* Activity: Although the data below holds other lines too, output only those from the line with "Green house with black glass windows" up to and including the line with "Garnero Arredamenti Mobile", exactly as they appear.

*** Given data ***

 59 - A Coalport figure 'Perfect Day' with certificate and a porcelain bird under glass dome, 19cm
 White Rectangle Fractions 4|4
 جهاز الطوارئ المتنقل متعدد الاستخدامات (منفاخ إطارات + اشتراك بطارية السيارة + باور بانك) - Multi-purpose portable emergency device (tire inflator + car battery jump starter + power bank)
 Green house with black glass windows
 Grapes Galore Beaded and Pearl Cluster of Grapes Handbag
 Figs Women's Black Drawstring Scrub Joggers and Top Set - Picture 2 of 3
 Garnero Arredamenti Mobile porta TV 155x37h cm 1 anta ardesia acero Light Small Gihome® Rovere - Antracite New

*** End of Given data ***
*** Given data ***

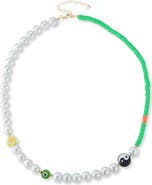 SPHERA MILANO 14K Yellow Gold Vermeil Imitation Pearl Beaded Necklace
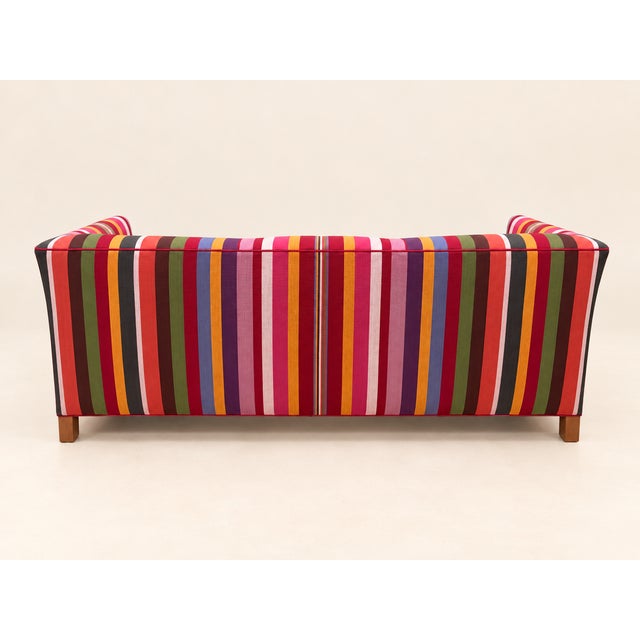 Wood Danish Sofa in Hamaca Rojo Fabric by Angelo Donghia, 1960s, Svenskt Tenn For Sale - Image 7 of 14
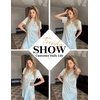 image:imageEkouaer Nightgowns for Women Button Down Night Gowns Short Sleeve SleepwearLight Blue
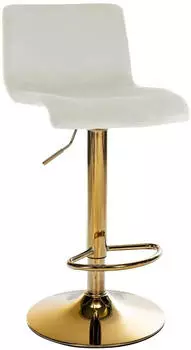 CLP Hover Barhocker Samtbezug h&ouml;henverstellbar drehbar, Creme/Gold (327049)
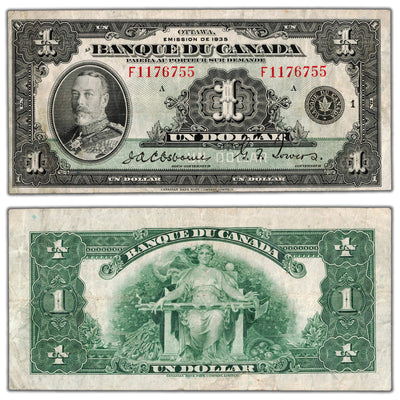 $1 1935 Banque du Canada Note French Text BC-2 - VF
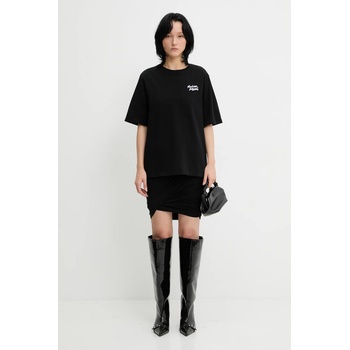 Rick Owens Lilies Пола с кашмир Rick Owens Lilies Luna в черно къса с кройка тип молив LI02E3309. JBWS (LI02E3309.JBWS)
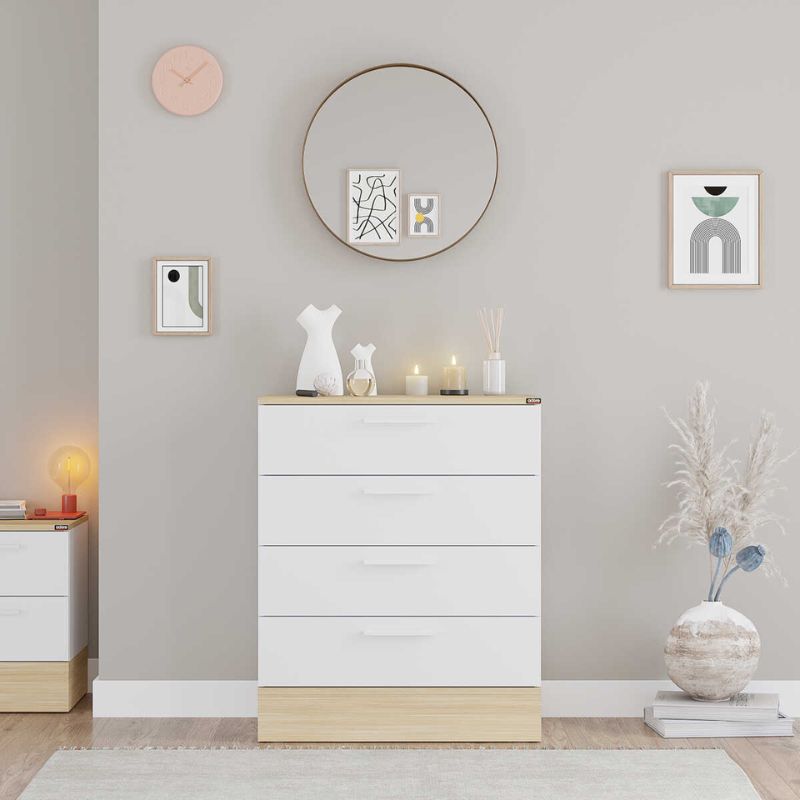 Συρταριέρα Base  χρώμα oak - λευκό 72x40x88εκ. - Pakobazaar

*** End of Given data ***
*** Given data ***

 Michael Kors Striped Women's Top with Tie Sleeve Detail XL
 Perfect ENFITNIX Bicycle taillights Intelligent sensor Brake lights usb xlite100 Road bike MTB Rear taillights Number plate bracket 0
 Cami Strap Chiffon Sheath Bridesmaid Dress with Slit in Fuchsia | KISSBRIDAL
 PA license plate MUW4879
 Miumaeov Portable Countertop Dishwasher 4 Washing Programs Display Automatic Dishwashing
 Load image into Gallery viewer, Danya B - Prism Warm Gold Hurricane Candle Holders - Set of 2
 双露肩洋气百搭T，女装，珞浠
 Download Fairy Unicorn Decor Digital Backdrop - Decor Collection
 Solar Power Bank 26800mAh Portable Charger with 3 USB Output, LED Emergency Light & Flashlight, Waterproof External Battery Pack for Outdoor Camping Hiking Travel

*** End of Given data ***

* Exercise output:
 Green house with black glass windows
 Grapes Galore Beaded and Pearl Cluster of Grapes Handbag
 Figs Women's Black Drawstring Scrub Joggers and Top Set - Picture 2 of 3
 Garnero Arredamenti Mobile porta TV 155x37h cm 1 anta ardesia acero Light Small Gihome® Rovere - Antracite New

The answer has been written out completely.